All human knowledge is provisional but it is also incremental, the sum of what we know to day is far greater than thirty years ago - with, possibly, the sole exception of marketing/advertising.
It is more than possible that people may look back on the six or seven years either side of 2000 as a period of aberration, when advertising people temporarily became obsessed with techology. And totally forgot that the most intoxicating thing is our ability to communicate face to face once we fully understand the real meaning of the words "to communicate".
Advertising Agencies rushed into broadcast television and, more recently the internet, the reason for this has nothing to do with advertising effectiveness, but all to do with economic imperatives. After all agencies tend to nuture their own illusions.
Similarly it is always possible to face any problem simply by fixating on fictional evidence, i.e. "Advertising works".
So to answer my own question, advertising does work when properly executed, however judging from the lack of understanding of the communication process emanating from agencies, perhaps "Advertising Agencies don't work"!
However ask the same question of interactive advertising and the answer is astoundingly different.
Current conventional media are wear conductors of knowledge and comprehension.

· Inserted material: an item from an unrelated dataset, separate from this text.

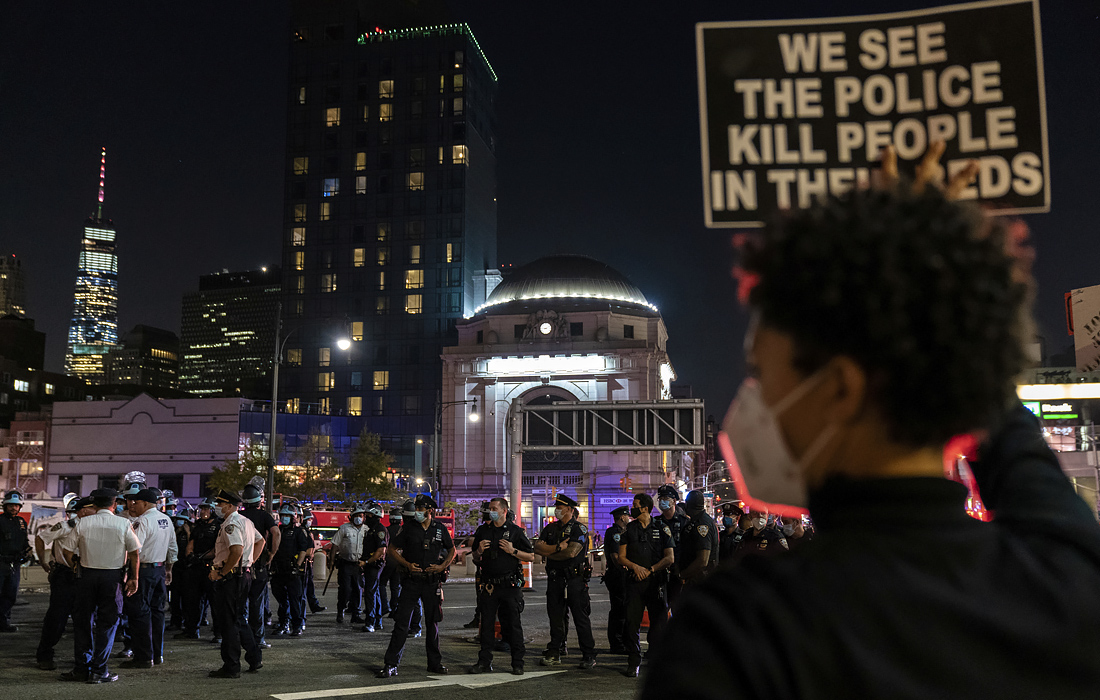 Накануне в Нью-Йорке прошла акция протеста в связи с решением суда не предъявлять обвинений полицейским, застрелившим 13 марта 26-летнюю чернокожую жительницу Луисвилля Бреонну Тейлор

This is because of a number of factors, however the main reason is; they are non-interactive communications vehicles, in other words "conversations" cannot take place.
A considerable investment in research has established that interaction raises a communication's learning effectiveness.

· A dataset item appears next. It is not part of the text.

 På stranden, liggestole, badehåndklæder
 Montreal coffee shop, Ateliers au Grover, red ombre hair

The one problem facing interactive advertising is the fact that it has become a cliche in recent years, without any clear of consistent definition of what the word means or how it is supposed to work.
Properly executed it has none of the wolly theorising that lies behind the arguments about various forms of so-called interactive communication using direct marketing and electronic media (most of which involves at best the minimum of true interactivity). And all the emerging new technology are merely facilitators of interaction.
It is also practical, down-to-earth, and uses a readily comprehensible and verified mechanism to expand the relevance and salience of advertising and other forms of marketing communications. It can be applied to all major media and to various other forms of communication, including new media and to various other forms of communication, including new media.
There is no theoretical reason why it should not also be applied to packaging designs or product literature.
The basic elements of interactive communication are very simple, as all communication should be. The target audience - or any part of them -are provided with a game, comprising a quiz together with multiple choice answers.
This takes the reader/viewer through the details of a commercial or advertisement and focuses their interest and attention on the product's selling points.
The questionaire is (usually) presented as an exercise in getting the public's opinion about the products. The effect is to combine the techniques of prodremmed learning and game playing to fix the advertising message in consumers' minds.
The programme is very flixable and can be distributed by mail, door-to-door, on TV,as a hand out in shopping malls, or as a newspaper or magazine insert.
The traditional, though out-dated, model of communication against which advertising has been judged is a one-way process wherebe a Sender sends a message to a Receiver, who is then expected to absorb and act upon it. Although any consumer-aware advertising person knows well that consumers use ads. rather than the reverse, the practice in most agencies remains the traditional one of pushing ads out toward the market and hoping for a response....very wasteful and ineffective!